▶ [Task prompt]
Repeat nothing but the lines below running from the one containing "Fly slap long" to the one containing "LionSteel Thrill Bronze". Keep both end lines.

Items listed in a dataset
--------------------------------------------------

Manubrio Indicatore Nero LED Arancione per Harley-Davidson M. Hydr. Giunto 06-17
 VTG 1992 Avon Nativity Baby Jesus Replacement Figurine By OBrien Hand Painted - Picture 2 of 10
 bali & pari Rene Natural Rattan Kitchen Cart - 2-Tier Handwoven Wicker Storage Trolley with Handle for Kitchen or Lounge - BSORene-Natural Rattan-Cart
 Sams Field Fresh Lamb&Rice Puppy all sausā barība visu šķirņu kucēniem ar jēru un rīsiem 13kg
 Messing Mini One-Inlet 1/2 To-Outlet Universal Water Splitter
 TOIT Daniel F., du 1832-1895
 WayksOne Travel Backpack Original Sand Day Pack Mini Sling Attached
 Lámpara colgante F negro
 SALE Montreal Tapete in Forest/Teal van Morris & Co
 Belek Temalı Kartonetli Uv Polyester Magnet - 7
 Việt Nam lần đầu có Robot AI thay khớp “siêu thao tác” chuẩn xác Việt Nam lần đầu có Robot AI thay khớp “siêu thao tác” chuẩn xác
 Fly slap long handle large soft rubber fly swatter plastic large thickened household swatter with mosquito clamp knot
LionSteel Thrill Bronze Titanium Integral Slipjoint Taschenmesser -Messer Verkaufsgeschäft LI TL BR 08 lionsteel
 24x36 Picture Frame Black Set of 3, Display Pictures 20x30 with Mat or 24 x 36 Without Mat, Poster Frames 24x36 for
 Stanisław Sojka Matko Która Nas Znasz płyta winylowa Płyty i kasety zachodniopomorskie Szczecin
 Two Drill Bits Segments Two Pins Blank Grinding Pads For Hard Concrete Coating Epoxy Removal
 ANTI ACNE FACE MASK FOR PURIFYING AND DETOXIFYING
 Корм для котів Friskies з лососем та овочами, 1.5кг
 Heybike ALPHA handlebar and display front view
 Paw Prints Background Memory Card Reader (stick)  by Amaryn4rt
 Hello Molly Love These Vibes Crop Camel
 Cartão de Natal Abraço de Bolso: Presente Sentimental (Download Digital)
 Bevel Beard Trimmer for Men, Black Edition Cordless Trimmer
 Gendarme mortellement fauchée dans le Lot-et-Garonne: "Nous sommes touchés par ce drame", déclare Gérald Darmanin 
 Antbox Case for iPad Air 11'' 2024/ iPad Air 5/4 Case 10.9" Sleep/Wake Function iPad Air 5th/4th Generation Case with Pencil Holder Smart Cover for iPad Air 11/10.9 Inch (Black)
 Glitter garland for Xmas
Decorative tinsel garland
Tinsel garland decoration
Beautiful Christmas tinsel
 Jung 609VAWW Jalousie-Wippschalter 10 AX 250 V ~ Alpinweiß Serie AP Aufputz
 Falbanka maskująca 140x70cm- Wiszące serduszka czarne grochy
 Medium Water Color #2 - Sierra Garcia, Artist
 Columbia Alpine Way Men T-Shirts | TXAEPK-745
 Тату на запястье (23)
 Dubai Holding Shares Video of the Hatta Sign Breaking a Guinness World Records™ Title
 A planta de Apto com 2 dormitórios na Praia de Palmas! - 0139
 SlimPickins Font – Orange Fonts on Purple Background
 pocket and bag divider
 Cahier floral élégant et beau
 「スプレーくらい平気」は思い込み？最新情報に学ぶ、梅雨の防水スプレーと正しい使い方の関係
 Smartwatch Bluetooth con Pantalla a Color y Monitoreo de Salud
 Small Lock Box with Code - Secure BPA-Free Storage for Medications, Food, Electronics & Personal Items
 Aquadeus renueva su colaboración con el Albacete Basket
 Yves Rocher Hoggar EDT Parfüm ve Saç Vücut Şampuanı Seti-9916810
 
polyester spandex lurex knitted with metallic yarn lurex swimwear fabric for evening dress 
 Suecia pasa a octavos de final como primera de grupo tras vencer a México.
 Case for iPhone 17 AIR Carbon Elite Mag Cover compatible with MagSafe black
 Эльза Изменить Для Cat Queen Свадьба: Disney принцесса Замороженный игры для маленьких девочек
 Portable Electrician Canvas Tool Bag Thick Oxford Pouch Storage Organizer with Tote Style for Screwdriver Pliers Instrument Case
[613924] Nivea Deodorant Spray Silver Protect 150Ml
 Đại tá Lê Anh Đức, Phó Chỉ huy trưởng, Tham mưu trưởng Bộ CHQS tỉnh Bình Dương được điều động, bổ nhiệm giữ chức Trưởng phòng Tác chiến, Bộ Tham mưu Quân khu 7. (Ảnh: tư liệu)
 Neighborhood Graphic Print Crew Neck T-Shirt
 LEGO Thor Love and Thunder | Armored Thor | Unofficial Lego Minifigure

--------------------------------------------------

▶ [Problem solution]
 Fly slap long handle large soft rubber fly swatter plastic large thickened household swatter with mosquito clamp knot
LionSteel Thrill Bronze Titanium Integral Slipjoint Taschenmesser -Messer Verkaufsgeschäft LI TL BR 08 lionsteel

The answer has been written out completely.